All eyes will be on how the market trades in the first few weeks of the New Year. Until then expect stablecoin rates to remain steady.
Turning now to ETH markets, ETH rates continue to rise, with borrow rates climbing another +11bps to 2.96% on a 30-day trailing basis. Borrow rates continue to diverge from the CESR staking index, which closes the week unchanged at 3.18% on a 30-day trailing basis — further squeezing the arbitrage between staking rates and ETH borrow rates in DeFi.
Recent onchain activity, however, suggests this trend should reverse. Santa came early for DeFi borrowers this year with a ~130k ETH on Christmas Eve, which should lower rates barring a substantial uptick in borrow demand into the new year.

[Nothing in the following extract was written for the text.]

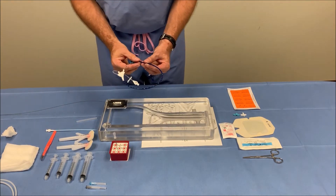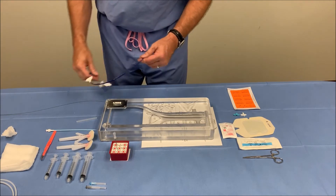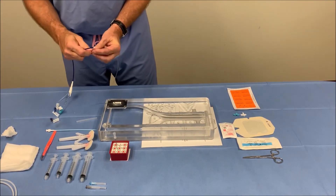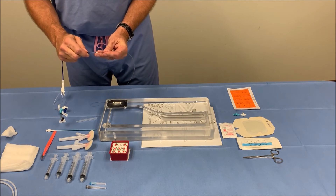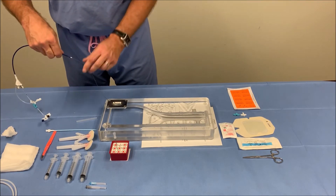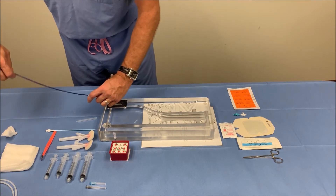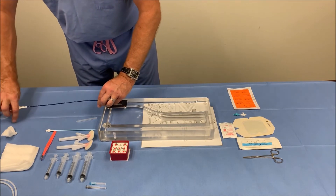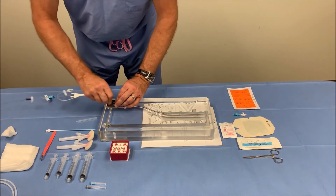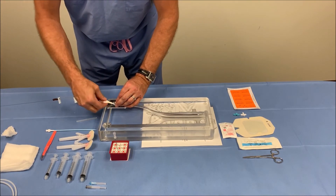Prior to inserting the catheter, you want to make sure that the pad printing is up. We'll go ahead and insert the Angel catheter all the way to the hub.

Intraday charts confirm that since the Christmas Eve deposit, the market has been free of any intraday spikes.
Looking ahead, ETH rates should stabilize and settle at lower levels following this substantial Christmas Eve deposit, barring any unexpected shifts in market dynamics.
So far, year-end has played out largely as expected. The market has been choppy, but otherwise directionless during the holiday season. The new year should break this pattern, and if history is any guide expect the post-election rally to pick up steam again for a substantial rally in Q1.